Line Sjøtun Helganger is defending her dissertation for the degree philosophiae doctor (PhD) at the University of South-Eastern Norway.
The doctoral work has been carried out at the Faculty of Humanities, Sports, and Educational Science.
You are invited to follow the trial lecture and the public defence.
Summary
Most people have experienced that not only what is said but also how it is said affects utterance meaning. For instance, if a child is told by her parent to go wash her hands before having dinner, and she replies “jeg HAR vaska hendene” (‘I HAVE washed my hands’), she is signaling that contrary to what her parent seems to think, she has already washed her hands. This contradiction of her parent’s belief is expressed through the tonal movement of the utterance, or what is called intonation.
This thesis investigates how preschool children’s ability to master intonation as a communicative device develops and what this ability can tell us about their capacity to take the perspective of others and to draw inferences about communicated content that is not explicitly expressed. The overall results of the thesis show that children master these communicative aspects of intonation from an early age, and that intonation provides young children with a linguistic device that enables them to participate in quite complex communication without having to rely on complex linguistic skills.

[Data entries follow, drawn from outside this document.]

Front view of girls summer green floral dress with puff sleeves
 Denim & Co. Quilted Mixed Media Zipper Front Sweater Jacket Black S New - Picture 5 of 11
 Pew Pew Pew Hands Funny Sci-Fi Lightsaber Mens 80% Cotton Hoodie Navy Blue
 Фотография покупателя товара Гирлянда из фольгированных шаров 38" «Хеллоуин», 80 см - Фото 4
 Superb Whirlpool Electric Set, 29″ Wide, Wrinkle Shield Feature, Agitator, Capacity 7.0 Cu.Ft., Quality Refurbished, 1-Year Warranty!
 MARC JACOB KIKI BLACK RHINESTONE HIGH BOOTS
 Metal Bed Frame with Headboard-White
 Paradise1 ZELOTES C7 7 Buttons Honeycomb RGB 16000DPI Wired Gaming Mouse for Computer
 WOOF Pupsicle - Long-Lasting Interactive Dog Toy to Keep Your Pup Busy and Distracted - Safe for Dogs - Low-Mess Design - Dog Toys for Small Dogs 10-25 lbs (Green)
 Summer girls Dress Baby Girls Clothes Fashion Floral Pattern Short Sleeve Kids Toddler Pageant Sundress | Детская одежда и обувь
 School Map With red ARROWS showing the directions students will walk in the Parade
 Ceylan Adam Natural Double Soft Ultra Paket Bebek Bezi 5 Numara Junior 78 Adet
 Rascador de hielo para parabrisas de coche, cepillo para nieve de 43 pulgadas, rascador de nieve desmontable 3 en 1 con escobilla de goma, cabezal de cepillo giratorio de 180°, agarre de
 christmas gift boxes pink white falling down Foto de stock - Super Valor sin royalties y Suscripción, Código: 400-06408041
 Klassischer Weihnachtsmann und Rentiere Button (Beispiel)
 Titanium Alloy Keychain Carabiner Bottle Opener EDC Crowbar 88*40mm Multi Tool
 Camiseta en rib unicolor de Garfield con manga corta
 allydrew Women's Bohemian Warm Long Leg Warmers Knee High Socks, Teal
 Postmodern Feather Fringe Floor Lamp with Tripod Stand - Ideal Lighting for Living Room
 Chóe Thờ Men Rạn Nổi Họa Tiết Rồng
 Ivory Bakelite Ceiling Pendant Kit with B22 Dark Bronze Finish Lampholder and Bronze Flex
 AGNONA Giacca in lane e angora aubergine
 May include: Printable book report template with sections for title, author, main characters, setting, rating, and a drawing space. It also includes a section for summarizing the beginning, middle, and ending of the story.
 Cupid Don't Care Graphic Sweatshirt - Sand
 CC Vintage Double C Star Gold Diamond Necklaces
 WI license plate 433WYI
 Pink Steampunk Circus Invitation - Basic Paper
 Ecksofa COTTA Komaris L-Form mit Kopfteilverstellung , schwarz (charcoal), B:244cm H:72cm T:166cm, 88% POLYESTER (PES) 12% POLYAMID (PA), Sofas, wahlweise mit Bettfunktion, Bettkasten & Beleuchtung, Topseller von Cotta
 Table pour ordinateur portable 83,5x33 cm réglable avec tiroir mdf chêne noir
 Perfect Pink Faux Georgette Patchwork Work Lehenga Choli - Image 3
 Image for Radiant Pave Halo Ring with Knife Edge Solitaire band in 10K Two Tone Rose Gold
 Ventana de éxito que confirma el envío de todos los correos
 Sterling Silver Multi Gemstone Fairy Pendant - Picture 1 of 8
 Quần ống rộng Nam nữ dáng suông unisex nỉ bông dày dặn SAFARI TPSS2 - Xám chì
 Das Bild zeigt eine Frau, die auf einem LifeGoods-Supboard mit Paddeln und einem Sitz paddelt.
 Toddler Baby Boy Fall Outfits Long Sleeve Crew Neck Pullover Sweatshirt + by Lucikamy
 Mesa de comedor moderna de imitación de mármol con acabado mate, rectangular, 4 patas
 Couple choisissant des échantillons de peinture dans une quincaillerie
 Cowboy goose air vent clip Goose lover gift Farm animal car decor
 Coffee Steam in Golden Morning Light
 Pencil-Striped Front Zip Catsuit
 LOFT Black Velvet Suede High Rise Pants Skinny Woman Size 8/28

In our production study, we investigated Norwegian-speaking 2- to 5-year-olds’ responses in a semi-structured elicitation task. The results showed that already from the age of two, children were able to use intonation to signal whether they believed a contextually given thought to be true or false. In our comprehension study, we used a combined eye-tracking and picture selection design to investigate whether Norwegian-speaking 3- to 5-year-olds were sensitive to intonational cues when interpreting utterances containing også (‘also’), such as Jonas spiser også is (‘Jonas is also eating ice cream’). These are utterances that, depending on the intonational realization, could be taken to mean either that Jonas and someone else are eating ice cream or that Jonas is eating ice cream and something else. Results showed that sensitivity to intonational cues could be detected as early as three years of age.
The thesis also includes a paper in which I discuss a puzzling finding in the developmental literature: Contrary to the expected development where children learn to comprehend linguistic phenomena before they produce them, experimental evidence suggests that children are able to produce various intonational phenomena that they do not yet comprehend.
A central claim of the paper is that one needs to take an interdisciplinary approach when investigating the acquisition of intonational-pragmatic phenomena. Furthermore, I argue that there are reasons to believe that comprehension data may not provide a reliable source of evidence for intonational-pragmatic competence and that production data may provide valuable insights into linguistic-pragmatic development.